Analyzing and Predicting European Soccer Match Outcomes
The skills the authors demonstrated here can be learned through taking Data Science with Machine Learning bootcamp with NYC Data Science Academy.
Introduction
Soccer, in my opinion, is not only the most popular but the best sport in the world. I always wake-up early on Saturday and Sunday mornings to watch the matches on television. I love the emotion, the skills, the drama, and everything about it.

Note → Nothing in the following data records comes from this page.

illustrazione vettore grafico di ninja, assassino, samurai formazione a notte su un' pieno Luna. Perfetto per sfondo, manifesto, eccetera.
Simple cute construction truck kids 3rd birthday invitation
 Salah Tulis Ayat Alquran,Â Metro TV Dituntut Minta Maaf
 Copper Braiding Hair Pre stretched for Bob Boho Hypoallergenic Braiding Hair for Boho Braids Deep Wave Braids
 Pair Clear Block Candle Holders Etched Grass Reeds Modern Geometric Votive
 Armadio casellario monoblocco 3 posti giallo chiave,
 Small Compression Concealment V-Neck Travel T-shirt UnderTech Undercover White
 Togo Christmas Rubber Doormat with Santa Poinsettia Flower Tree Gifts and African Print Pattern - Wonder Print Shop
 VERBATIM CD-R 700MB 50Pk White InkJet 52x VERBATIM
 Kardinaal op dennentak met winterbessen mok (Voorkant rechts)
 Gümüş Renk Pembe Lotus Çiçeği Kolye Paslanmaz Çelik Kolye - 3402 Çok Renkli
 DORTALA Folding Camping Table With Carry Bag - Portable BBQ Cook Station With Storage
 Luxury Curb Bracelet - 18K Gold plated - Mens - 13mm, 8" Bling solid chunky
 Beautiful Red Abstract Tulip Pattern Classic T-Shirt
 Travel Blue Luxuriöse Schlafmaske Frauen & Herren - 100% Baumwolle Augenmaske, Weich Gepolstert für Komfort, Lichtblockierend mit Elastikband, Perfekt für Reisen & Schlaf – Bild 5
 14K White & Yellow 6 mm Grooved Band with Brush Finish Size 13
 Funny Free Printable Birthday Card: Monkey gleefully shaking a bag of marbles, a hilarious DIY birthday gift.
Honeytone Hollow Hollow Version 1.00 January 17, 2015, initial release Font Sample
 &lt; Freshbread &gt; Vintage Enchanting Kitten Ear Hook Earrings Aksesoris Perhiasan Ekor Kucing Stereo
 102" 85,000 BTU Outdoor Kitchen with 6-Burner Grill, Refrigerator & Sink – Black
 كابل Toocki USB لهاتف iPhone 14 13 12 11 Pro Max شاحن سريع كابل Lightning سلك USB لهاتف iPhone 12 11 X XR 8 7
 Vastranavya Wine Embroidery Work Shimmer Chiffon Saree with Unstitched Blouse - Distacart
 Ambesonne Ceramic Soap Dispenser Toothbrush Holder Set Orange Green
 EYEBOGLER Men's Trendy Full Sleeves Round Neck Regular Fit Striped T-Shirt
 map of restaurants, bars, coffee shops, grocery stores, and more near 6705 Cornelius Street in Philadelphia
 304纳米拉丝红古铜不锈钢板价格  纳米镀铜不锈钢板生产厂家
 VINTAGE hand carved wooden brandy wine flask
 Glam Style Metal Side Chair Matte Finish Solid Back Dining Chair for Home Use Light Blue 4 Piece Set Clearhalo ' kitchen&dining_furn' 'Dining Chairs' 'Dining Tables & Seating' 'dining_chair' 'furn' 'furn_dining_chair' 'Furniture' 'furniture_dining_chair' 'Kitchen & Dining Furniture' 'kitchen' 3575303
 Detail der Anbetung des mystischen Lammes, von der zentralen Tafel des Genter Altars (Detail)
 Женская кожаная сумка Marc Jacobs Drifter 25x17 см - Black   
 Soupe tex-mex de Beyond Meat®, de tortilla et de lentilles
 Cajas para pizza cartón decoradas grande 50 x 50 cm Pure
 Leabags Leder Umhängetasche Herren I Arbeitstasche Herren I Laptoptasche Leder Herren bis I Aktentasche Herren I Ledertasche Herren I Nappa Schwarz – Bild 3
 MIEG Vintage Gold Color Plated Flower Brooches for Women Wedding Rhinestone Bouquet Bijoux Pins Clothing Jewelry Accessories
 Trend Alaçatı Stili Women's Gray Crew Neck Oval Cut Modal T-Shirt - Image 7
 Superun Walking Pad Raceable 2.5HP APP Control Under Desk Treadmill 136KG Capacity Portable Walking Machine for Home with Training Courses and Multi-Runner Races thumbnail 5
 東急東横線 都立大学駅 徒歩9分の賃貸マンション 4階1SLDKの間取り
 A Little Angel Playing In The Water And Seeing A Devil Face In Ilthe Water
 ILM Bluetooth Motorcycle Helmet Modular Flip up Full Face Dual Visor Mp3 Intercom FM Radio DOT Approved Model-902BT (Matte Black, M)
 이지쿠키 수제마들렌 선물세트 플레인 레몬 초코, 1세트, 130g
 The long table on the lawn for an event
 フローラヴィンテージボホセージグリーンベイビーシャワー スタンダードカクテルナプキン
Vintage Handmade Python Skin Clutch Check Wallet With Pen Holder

How to Use Odds to Predict Soccer
That is why for my Capstone project, I wanted to find out if I could create something of value from the numerous hours I have devoted to watching my favorite sport. I decided to create a shiny app in order to visualize the data and use the numerous machine learning algorithms I had learned in an attempt to correctly predict the outcome of soccer matches. Below I describe where I obtained my data, the data cleansing, feature selection, interactive plots of the data, and the algorithms used to predict the outcome of soccer matches.
Data Source
I was able to identify a comprehensive data source of football matches on Kaggle. The data source was a .sqlite file which contained 7 tables:
Table Name | Table Description |
Country | A table containing the country name of soccer teams |
League | A table containing the name of all the soccer leagues |
Match | A table containing all the match details from 2007 to 2016 |
Player | A table containing all player ID and player name for all the teams |
Player Attributes | A table containing additional information of all the players such as attacking ability, defensive ability, strength, etc. |
Team | A table containing all the team ID and team name |
Team Attributes | A table containing additional information of all the teams such as their attacking and defensive ability, etc. |
Using the RSQLite library, I was able to transfer all the tables to a R file and into a data table.
Data Cleansing
When given a new data set, the first check performed is the number of missing inputs in the raw data. As we will see in the figures below, missingness was a big issue, especially with the match, team attributes and player attributes table. Either the data had incomprehensible information or the data was missing.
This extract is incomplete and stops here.